Ferrero, Pirelli, Unicredit: chi investe in Turchia
A confermarlo altri numeri: per Roma, Ankara è il 12esimo partner commerciale. Per la Turchia, l’Italia è il quinto, il secondo europeo dopo la Germania. E sono tante le grandi aziende italiane che operano nel Paese. Una di queste è la Ferrero, finita nel 2019 al centro del dibattito politico per il “boicottaggio della Nutella” lanciato da Matteo Salvini, proprio per l’utilizzo di nocciole turche al posto di quelle italiane. Grazie agli affari sul Bosforo il gruppo di Alba controlla tra il 20 e il 30% del commercio mondiale di nocciole, e nel 2020 ha finanziato, con 4 milioni di dollari, l’Organizzazione Internazionale del Lavoro, per contrastare il fenomeno del lavoro minorile nella filiera turca. Tra le 1.500 aziende italiane presenti nel Paese (nel 2018 gli investimenti diretti sono stati di oltre 500 milioni di euro) c’è anche Pirelli, che nel 2010 ha creato a Izmuit “la Fabbrica dei campioni”, il più grande stabilimento dell’azienda al mondo in cui vengono prodotti gli pneumatici che riforniscono la Formula Uno, e non solo (da lì vengono fuori 7 milioni di pneumatici all’anno).
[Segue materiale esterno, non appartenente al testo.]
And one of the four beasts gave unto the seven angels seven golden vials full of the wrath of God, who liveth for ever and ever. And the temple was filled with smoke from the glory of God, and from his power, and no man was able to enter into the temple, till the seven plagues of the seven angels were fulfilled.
Un impianto inaugurato per celebrare il 50esimo anniversario della presenza di Pirelli in Turchia, una storia che va avanti ormai dal 1960. Presente anche Unicredit, che ha una partecipazione rilevante in Yapi Kredi, quarta banca privata del Paese con una quota di mercato del 10,2%. Già nel 2019 però, dopo la crisi della lira, il gruppo di Piazza Gae Aulenti ridusse la propria quota al 32%, non convinto dalle politiche di governo e della Banca centrale.
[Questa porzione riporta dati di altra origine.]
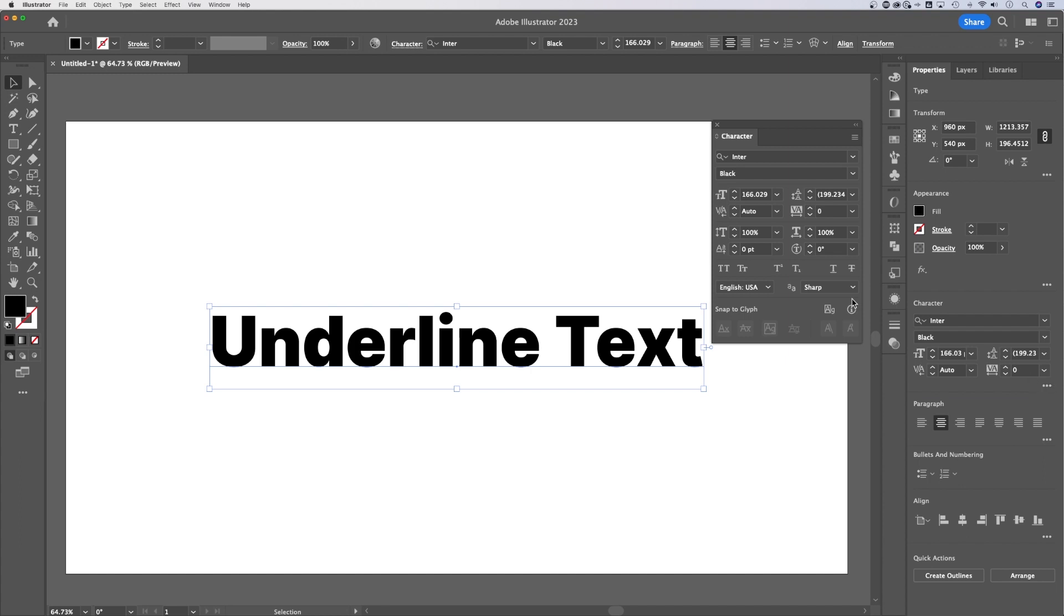Regardless, you've probably already seen it. There's an underline button right here. Once you show those more options, you can underline your text.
Gli affari di Ansaldo Energia e dei grandi costruttori
Importanti anche gli affari di Ansaldo Energia, che da tempo ha una partecipazione del 40% in Yeni Elektrik, gruppo che controlla una centrale elettrica a Gebze. Da un anno, l’azienda italiana sta trattando con banche e autorità di Ankara la gestione dei debiti milionari accumulati dalla centrale. Opera in Turchia Salini Impregilo, che nel 2019 si è aggiudicata un appalto da 530 milioni di euro per la costruzione del “Nuovo Orient Express” ad alta velocità tra Istanbul e la zona al confine con la Bulgaria. Ma il gruppo, negli anni, ha svolto opere civili per 260 milioni, nei pressi dell’impianto idroelettrico di Cetin, ha costruito l’ospedale di Gaziantep e ha realizzato un impianto di depurazione dell’acqua a Istanbul. Anche Cementir, del gruppo Caltagirone, ha da 20 anni interessi in Turchia e in questo lasso di tempo, oltre a quotarsi alla Borsa di Istanbul, ha anche investito più di 500 milioni per rafforzare la sua presenza sul territorio. In questo quadro, quindi, pare abbastanza improbabile che affari di tale portata possano essere messi in discussione per qualche “piccola” tensione tra Erdogan e Draghi. Semplicemente, non converrebbe a nessuno.